Uma das estratégias adotadas por algumas pessoas foi se abster de qualquer debate político. Para os especialistas, essa pode ser sim uma opção válida, mas tem suas controvérsias. “A própria família pode traçar suas regras e limites. Quando os ânimos se exaltam, pode ser uma boa ideia encerrar a discussão e, se for o caso, retomar o assunto em um momento de mais calma. Passado o conflito mais intenso, é hora de se dedicar à recomposição das relações, trabalhando em cima dos objetivos do grupo fa- miliar e do bem comum”, discorre Kodato. Por outro lado, contradições, conflitos, problemas fazem parte da vida. Como a vida em sociedade é uma vida inerentemente política, o indivíduo tem que saber lidar com isso. “Discutir política é essencial para o avanço da sociedade como um todo, porque sociedades que criminalizam, demonizam a política, só trazem para si mesmas piores consequências”, acrescenta Silva.

 

CESSAR-FOGO

Após o resultado eleitoral do segundo turno, fica a expectativa de como se darão as reuniões familiares nas festividades de final de ano.
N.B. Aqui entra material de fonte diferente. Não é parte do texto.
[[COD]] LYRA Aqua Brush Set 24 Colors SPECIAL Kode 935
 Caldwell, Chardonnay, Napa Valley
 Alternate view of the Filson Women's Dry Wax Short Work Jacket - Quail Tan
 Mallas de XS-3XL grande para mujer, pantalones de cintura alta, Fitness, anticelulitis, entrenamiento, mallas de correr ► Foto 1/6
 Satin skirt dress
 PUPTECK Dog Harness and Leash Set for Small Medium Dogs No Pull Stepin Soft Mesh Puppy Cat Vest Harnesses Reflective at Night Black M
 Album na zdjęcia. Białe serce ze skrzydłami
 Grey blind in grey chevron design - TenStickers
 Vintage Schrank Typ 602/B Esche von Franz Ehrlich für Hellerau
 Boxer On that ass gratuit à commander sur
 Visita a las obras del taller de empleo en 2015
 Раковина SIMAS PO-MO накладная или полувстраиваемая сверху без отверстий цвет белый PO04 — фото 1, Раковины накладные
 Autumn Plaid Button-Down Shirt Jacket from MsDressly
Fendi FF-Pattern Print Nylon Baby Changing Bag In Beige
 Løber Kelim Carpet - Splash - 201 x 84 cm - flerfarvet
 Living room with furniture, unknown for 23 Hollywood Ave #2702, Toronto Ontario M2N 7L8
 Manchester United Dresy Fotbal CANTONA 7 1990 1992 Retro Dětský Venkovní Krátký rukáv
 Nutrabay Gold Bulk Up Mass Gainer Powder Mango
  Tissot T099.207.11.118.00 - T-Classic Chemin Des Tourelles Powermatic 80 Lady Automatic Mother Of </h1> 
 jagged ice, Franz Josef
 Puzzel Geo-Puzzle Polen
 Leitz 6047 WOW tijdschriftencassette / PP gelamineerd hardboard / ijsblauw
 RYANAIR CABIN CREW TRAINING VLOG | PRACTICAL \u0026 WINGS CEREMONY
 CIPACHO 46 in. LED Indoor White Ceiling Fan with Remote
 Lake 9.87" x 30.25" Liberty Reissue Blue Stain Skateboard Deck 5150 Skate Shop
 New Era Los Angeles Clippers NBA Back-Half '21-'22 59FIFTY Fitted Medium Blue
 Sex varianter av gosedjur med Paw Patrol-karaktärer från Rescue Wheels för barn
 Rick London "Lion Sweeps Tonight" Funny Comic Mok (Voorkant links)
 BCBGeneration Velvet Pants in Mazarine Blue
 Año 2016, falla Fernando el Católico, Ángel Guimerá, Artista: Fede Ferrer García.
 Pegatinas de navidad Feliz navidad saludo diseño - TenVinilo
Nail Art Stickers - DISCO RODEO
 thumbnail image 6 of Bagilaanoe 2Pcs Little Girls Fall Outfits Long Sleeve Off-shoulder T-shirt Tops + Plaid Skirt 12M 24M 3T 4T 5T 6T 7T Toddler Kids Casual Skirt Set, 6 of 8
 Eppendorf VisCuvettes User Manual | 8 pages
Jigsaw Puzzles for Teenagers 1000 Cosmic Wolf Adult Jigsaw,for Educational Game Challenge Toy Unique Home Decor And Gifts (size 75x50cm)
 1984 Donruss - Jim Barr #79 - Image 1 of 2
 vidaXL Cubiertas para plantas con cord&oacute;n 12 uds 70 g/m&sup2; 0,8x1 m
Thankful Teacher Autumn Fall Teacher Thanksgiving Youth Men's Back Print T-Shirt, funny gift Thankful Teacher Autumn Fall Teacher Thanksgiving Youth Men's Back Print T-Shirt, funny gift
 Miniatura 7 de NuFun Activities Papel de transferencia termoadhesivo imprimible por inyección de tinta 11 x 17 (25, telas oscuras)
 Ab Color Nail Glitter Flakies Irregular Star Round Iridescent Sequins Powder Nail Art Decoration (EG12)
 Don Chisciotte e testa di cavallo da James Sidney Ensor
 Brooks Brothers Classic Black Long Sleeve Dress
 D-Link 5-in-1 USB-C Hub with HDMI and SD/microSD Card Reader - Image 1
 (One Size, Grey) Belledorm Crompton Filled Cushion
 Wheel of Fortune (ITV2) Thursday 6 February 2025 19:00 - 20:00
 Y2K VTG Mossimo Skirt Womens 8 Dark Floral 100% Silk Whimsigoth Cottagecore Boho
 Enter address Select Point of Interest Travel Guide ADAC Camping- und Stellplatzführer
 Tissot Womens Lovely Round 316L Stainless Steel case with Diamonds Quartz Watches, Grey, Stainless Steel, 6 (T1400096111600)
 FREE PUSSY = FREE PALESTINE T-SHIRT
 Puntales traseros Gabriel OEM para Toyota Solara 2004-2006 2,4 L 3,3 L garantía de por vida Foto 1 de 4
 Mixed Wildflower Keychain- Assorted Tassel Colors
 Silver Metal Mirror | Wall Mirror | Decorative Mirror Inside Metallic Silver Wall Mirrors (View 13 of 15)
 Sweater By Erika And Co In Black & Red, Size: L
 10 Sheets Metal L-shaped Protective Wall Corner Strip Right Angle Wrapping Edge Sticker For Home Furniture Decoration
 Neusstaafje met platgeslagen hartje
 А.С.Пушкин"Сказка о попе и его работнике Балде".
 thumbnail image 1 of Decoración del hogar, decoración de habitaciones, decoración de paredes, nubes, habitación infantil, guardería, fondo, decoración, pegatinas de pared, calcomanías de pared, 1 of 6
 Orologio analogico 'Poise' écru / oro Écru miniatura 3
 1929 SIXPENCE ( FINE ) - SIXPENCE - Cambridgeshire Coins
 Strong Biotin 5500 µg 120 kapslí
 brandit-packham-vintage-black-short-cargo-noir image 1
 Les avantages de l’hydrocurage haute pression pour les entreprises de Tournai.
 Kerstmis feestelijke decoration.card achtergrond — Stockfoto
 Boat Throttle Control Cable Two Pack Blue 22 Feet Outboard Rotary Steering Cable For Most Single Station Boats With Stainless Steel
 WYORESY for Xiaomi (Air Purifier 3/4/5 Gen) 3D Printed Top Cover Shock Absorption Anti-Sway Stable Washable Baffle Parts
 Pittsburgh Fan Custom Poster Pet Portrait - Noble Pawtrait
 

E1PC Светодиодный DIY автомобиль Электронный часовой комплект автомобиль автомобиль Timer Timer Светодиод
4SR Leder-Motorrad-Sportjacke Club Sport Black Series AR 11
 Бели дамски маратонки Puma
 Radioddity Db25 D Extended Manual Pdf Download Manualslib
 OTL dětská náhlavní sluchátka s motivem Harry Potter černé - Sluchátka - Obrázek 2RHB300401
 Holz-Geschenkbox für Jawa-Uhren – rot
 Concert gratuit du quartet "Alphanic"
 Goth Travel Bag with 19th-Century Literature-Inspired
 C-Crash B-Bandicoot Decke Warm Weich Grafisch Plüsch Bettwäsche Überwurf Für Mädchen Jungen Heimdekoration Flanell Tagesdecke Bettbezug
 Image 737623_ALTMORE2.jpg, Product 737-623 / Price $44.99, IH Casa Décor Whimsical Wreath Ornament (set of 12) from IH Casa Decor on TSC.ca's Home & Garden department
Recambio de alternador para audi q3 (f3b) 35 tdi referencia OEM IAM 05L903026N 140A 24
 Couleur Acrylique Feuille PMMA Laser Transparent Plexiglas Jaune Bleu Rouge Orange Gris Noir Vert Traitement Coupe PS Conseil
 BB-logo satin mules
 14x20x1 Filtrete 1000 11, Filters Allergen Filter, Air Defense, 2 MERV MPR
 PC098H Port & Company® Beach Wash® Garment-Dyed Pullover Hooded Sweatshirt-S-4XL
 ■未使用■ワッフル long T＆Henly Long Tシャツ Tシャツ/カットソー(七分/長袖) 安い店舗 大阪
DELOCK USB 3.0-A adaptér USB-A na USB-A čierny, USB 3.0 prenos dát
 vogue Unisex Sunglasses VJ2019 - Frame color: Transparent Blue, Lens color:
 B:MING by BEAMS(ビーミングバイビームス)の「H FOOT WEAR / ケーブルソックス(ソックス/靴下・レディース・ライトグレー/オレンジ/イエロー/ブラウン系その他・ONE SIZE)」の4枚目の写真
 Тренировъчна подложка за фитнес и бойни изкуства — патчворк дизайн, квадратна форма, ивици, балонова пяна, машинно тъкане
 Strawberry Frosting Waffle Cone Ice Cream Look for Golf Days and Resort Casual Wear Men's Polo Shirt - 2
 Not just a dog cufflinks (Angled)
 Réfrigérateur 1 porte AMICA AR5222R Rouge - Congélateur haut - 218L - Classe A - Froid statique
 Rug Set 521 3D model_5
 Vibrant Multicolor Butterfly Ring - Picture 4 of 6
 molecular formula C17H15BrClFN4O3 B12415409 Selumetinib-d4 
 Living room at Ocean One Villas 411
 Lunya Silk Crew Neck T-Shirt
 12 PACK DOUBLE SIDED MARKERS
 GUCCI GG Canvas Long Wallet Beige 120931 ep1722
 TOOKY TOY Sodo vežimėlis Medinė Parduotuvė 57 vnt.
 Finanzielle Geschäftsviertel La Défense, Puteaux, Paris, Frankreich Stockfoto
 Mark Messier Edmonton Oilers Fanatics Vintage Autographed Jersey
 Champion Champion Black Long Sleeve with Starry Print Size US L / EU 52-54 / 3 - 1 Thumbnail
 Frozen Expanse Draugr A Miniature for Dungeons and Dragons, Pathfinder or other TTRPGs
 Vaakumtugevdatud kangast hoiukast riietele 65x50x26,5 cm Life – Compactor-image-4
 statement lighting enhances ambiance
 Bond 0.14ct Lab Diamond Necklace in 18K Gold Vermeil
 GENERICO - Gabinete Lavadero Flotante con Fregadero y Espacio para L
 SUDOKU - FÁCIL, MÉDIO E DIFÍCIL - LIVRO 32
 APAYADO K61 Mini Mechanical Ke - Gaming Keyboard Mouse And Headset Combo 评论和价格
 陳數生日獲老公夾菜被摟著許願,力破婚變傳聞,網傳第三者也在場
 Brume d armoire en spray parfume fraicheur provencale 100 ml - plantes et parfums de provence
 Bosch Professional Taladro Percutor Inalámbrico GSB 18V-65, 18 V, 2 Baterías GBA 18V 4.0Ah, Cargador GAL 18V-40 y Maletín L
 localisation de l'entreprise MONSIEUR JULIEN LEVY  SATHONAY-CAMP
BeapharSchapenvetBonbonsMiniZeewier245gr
Para especialistas, o futuro da Ceia de Natal deste ano envolve reconhecer as diferenças. “Por mais que haja divergências sobre um tema, é possível pensar em pontos comuns com o propósito de estar juntos”, ressalta Kodato. Para Areco, atualmente, tem sido difícil estabelecer um diálogo saudável, pois as divergências de discurso de ódio, intolerância, preconceito, tem tomado muito mais à frente do que o debate de ideias. “Não é um pessimismo a da minha parte para pensarmos em um diálogo saudável, mas temos antes que desconstruir o que já existe”, finaliza.